More and more people are becoming aware that without the tiny, yellow-brown striped, humming bees, much of nature would be under threat. Although they sometimes can cause trouble with their stings, we should be grateful to these insects, as ninety percent of plants reproduce thanks to their pollination. The alarming decline in the number of bees is not only spurring the hard-working beekeepers to action but also ingenious designers.
The secret of Czech designer Eduard Seibert’s Beehive project is that he creates his lamps in collaboration with bees. The lamps are made from beeswax at the same time as honey is produced.
The lampshade, made with the bees’ ‘signature,’ is not only exciting in its concept, but also offers an unusual aesthetic.

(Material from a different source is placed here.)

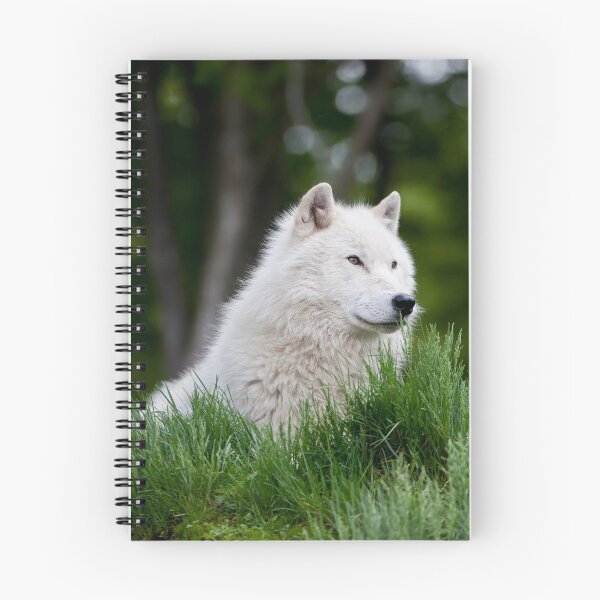 Item preview, Arctic Wolf designed and sold by WolvesOnly.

The dynamically changing geometry is organically shaped by the animals, so no two pieces are alike. A perfect choice for architecture, design, and art enthusiasts, but also an exceptional environmentally friendly alternative. Beeswax is fully compostable and recyclable, and the technical part can be reused in other products. The Beehive project is so far unique in the lighting market, no other product like it has ever been created.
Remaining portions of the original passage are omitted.